Apakah Anda menerima nawala edisi 8 November 2019 ini dari teman dan bukan dari email Tempo? Daftarkan surel di sini untuk berlangganan.

Nawala edisi ini ditulis oleh Angelina Anjar Sawitri dari Tempo Media Lab.

SKOR KEBEBASAN BERINTERNET INDONESIA TURUN

Media sosial memungkinkan kita untuk bersuara atas berbagai hal. Melalui media sosial kita bisa melontarkan berbagai pendapat, termasuk kritik, atas kebijakan pemerintah. Meski demikian, tidak bisa dipungkiri media sosial juga marak sebagai arena para pendengung atau buzzer. Biasanya, buzzer dipekerjakan seseorang—termasuk politikus—untuk menghalau kritik-kritik yang disuarakan oleh publik. Hal ini mengancam demokrasi, termasuk kebebasan bersuara di dunia maya.

Advertising
Advertising

Fenomena ini terpantau oleh Freedom House, organisasi pengawas independen yang berfokus pada kebebasan dan demokrasi di dunia. Dalam laporannya yang berjudul “Freedom on the Net 2019”, kebebasan berinternet di Indonesia pada 2019 dinyatakan menurun. Skor kebebasan berinternet di Indonesia anjlok menjadi 51 dari skala 100 pada 2019 dari tahun sebelumnya 54 dari skala 100.

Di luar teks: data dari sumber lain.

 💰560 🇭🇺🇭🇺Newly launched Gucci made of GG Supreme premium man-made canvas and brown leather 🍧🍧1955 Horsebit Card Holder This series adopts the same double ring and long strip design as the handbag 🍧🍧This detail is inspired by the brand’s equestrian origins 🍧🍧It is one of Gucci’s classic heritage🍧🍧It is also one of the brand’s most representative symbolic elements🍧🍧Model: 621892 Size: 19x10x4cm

Menurut laporan itu, kebebasan berinternet di Indonesia memburuk lantaran pembatasan akses media sosial serta penggunaan konten manipulasi dalam kontestasi Pemilihan Presiden 2019. Selain itu, para pengkritik kebijakan pemerintah terus mendapat serangan melalui akun media sosial pribadi mereka, bahkan ada yang harus menghadapi tuntutan hukum. Berikut penjelasan dalam laporan “Freedom on the Net 2019” terkait beberapa penyebab turunnya kebebasan berinternet di Indonesia:

Memburuknya kebebasan berinternet ini menyebabkan Freedom House menempatkan Indonesia di antara 33 negara yang kebebasan internetnya turun pada tahun ini. Menurut laporan lembaga tersebut tersebut, penurunan skor kebebasan berinternet terbesar terjadi di Sudan dan Kazakhstan. Selain itu, kebebasan berinternet juga anjlok di Brasil, Bangladesh, dan Zimbabwe.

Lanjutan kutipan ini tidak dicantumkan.